Every new police officer in New York City will be sent onto the streets of some of the city's toughest neighborhoods as part of a broad anti-crime operation that the authorities say has helped produce historic drops in crime, the city announced on Wednesday.
Police officials and Mayor Michael Bloomberg said that each of the 914 police recruits being sworn in yesterday would join the program, Operation Impact. They also announced that crime in almost every major category declined again this year, with violence down in the schools and on the subways and with homicides on track to fall below 500 for the first time since reliable statistics became available 44 years ago.

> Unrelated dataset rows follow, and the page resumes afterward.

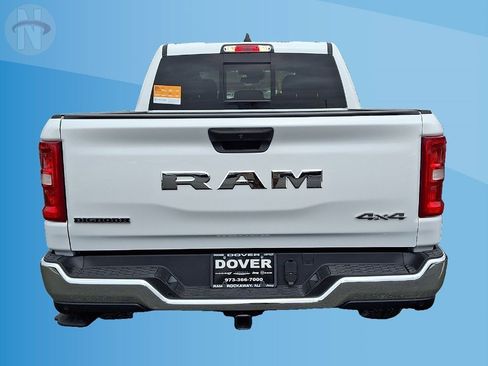 Used 2025 RAM 1500 Big Horn image 23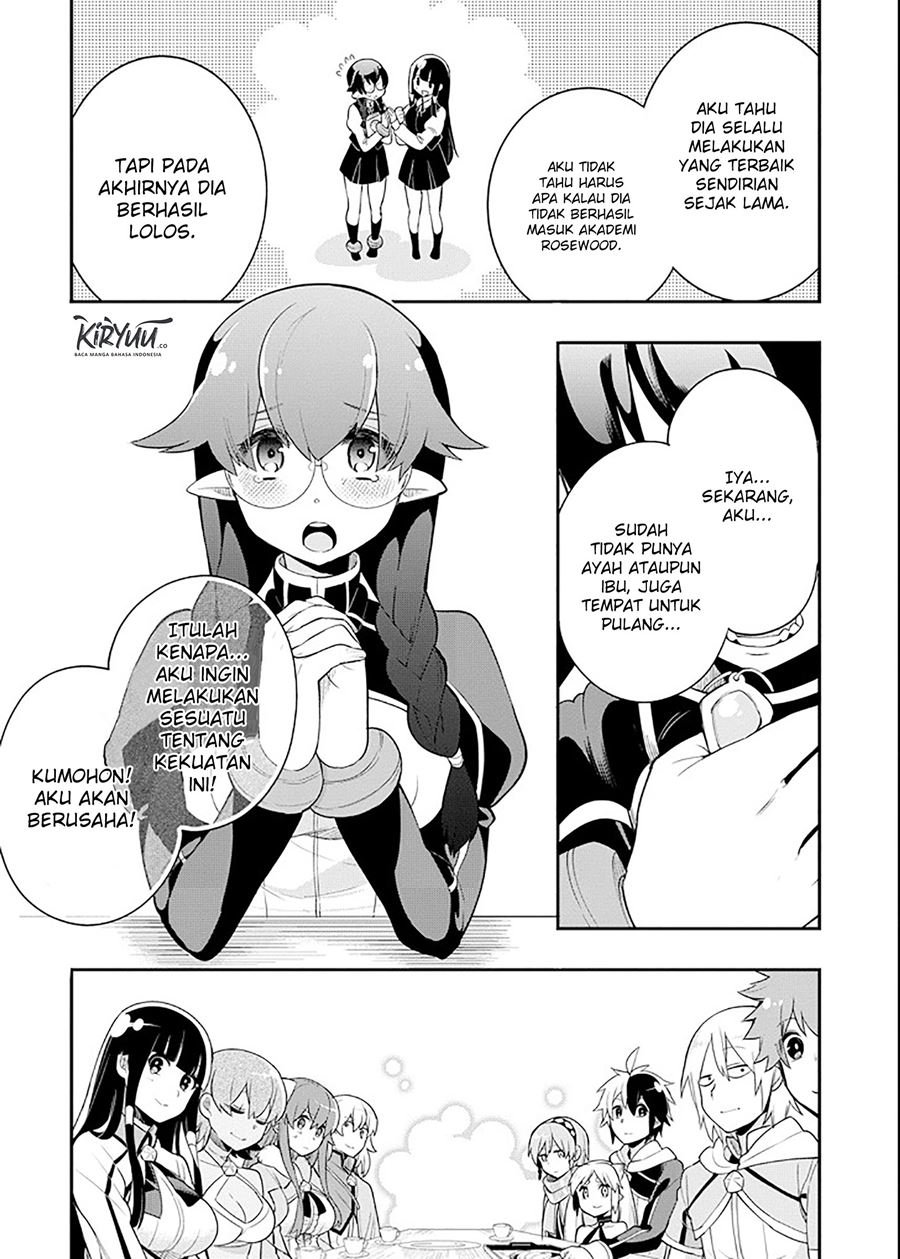 Eiyuu Kyoushitsu Chap 5.1 - Next Chap 6.1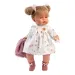 Llorens: Joelle 38 cm bábika so zvukom v oblečení s medvedíkmi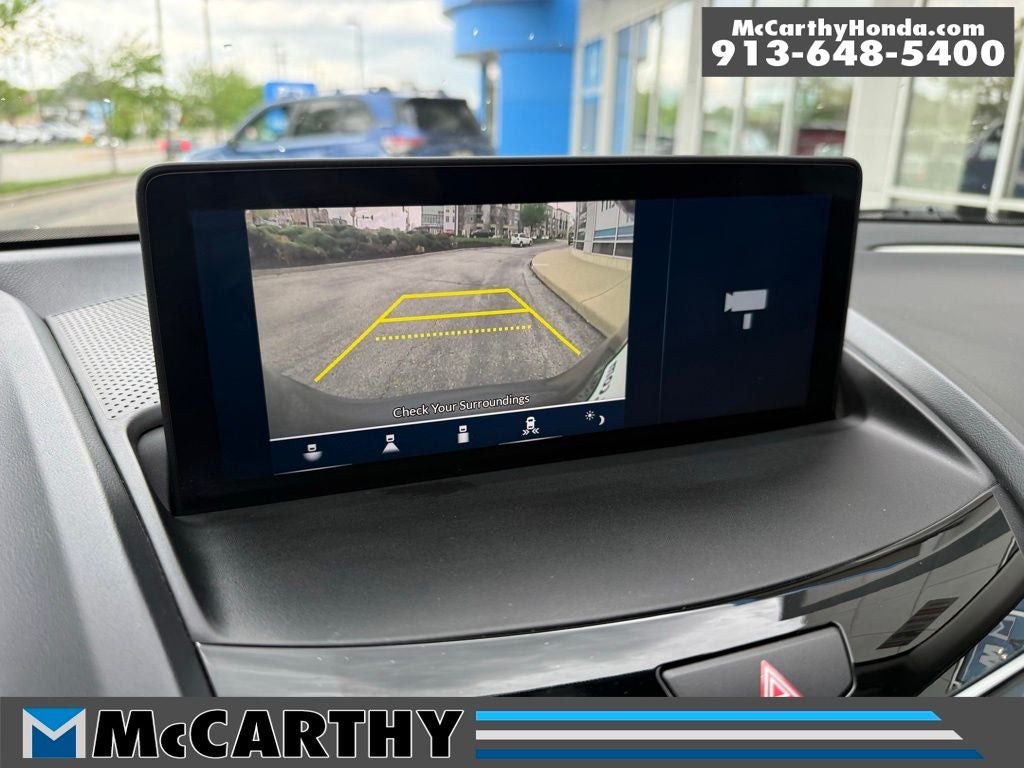 2021 Acura RDX Technology Package SH-AWD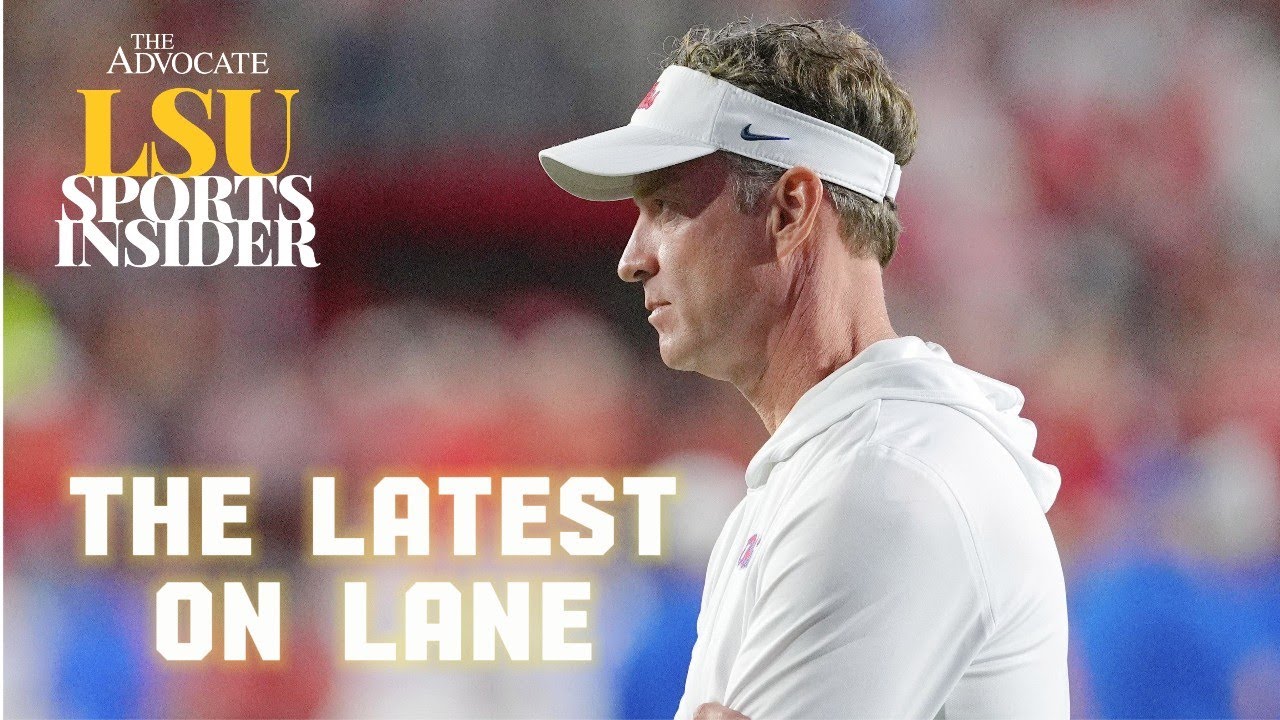 Последние слухи и чувства по поводу LSU и Лейна Киффина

Because some areas, mostly in northern Brooklyn, show stubbornly higher crime rates, they will get a bigger influx of Operation Impact officers, Police Commissioner Raymond Kelly said. They include parts of Brownsville, Bedford-Stuyvesant, East New York and Crown Heights.
Operation Impact, begun in 2003, matches new recruits with seasoned officers and supervisors to tackle crime spikes in narrowly drawn geographic areas. Coming at a time when the department is facing recruitment challenges, the new influx will double -- to more than 1,800 -- the number of officers assigned to those duties in a force that currently has 35,400 members.
"If you look at a map showing where crime is, it is clearly concentrated in a couple of areas and the people that live in those areas have a right to live in a safe neighborhood just like those who are lucky enough to do so today," Bloomberg said as he stood with Kelly and a phalanx of police commanders inside the 28th Precinct station house in Harlem.
As of 7:30am on Wednesday, 484 homicides had been recorded in New York City this year, Kelly said, 97 fewer than at the same time last year. Officials said the city was headed toward having fewer than 500 homicides this year, by far the lowest number in a 12-month period since reliable Police Department statistics became available in 1963, when there were 548 killings.
Dennis Smith, a professor at the Wagner Graduate School of Public Service at New York University and an author of an analysis of Operation Impact, hailed the new emphasis on the program as a "targeted use of scarce resources."
He said he had feared that city officials might curb the program.
"This is further validation of research that has been done around the country -- on smaller, more temporary versions of this approach -- that hot-spot policing really works," Smith said.